(DATA FOR THIS TASK Opens)

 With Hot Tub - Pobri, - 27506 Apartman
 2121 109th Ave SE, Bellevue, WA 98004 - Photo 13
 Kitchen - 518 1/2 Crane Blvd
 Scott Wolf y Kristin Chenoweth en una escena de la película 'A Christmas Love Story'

(DATA FOR THIS TASK Closes)
(DATA FOR THIS TASK Opens)

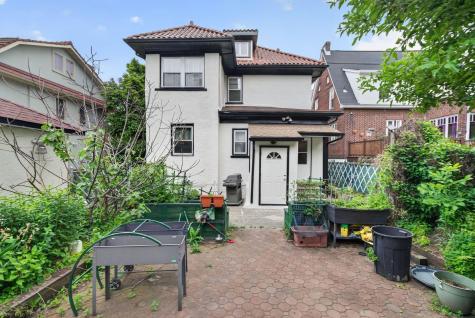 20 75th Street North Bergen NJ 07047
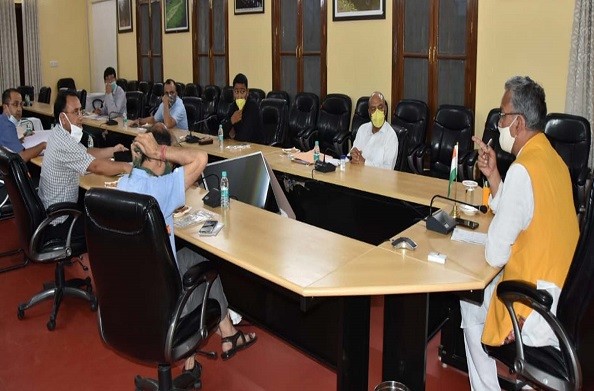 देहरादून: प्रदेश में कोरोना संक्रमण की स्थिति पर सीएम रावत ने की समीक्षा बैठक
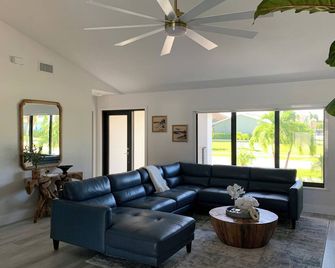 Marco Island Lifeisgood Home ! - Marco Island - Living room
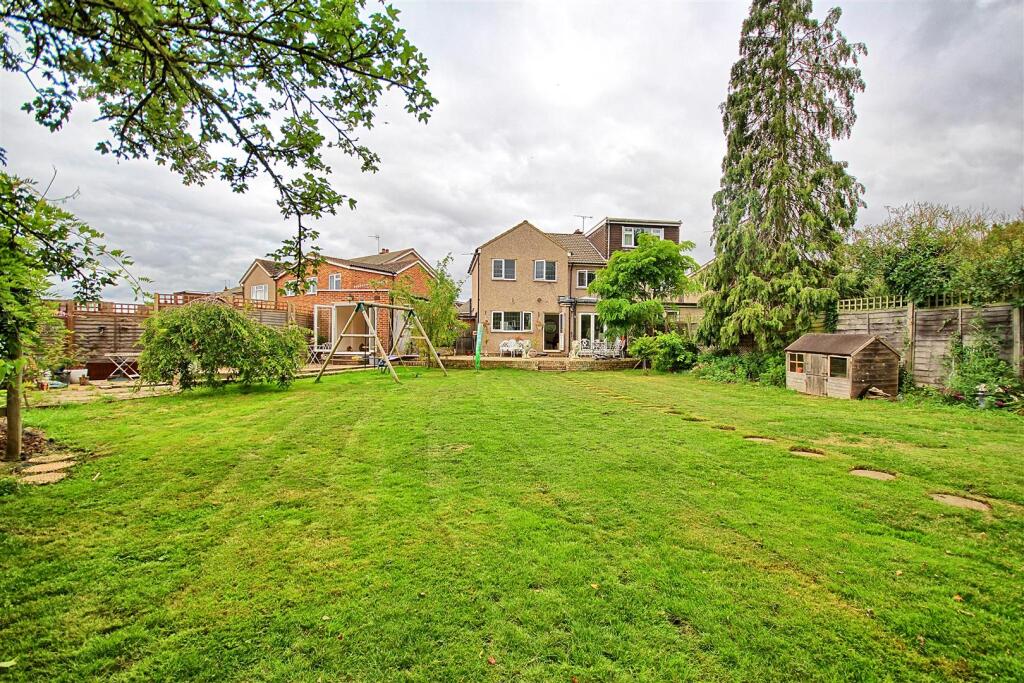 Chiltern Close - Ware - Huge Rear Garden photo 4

(DATA FOR THIS TASK Closes)
(DATA FOR THIS TASK Opens)

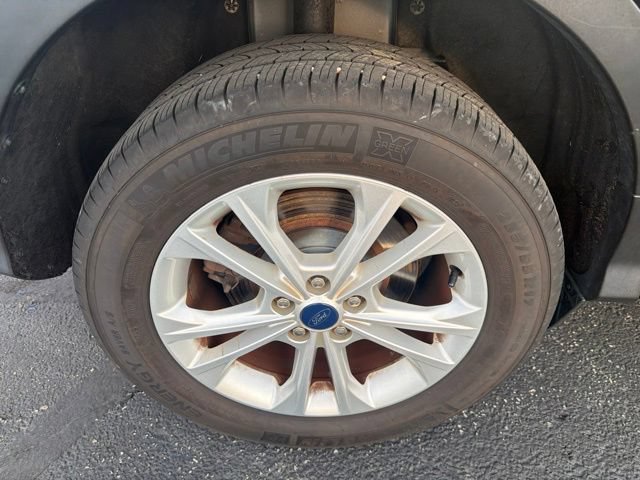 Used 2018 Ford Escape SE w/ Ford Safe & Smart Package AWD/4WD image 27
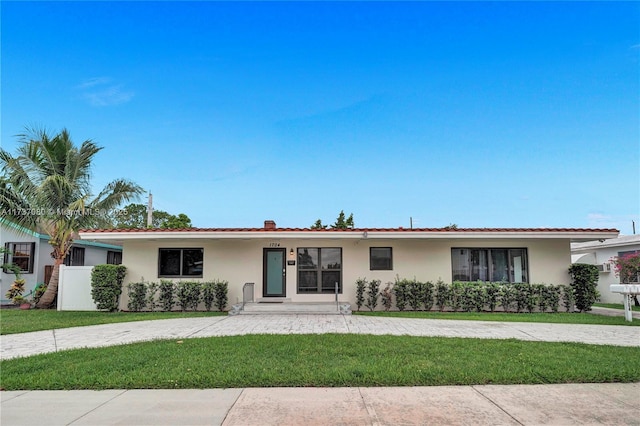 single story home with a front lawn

(DATA FOR THIS TASK Closes)

* EXERCISE: Could you restate word for word the lines above from the one containing "2121 109th Ave" through the one containing "Scott Wolf y", both included, and nothing else?

* WRITTEN RESPONSE:
 2121 109th Ave SE, Bellevue, WA 98004 - Photo 13
 Kitchen - 518 1/2 Crane Blvd
 Scott Wolf y Kristin Chenoweth en una escena de la película 'A Christmas Love Story'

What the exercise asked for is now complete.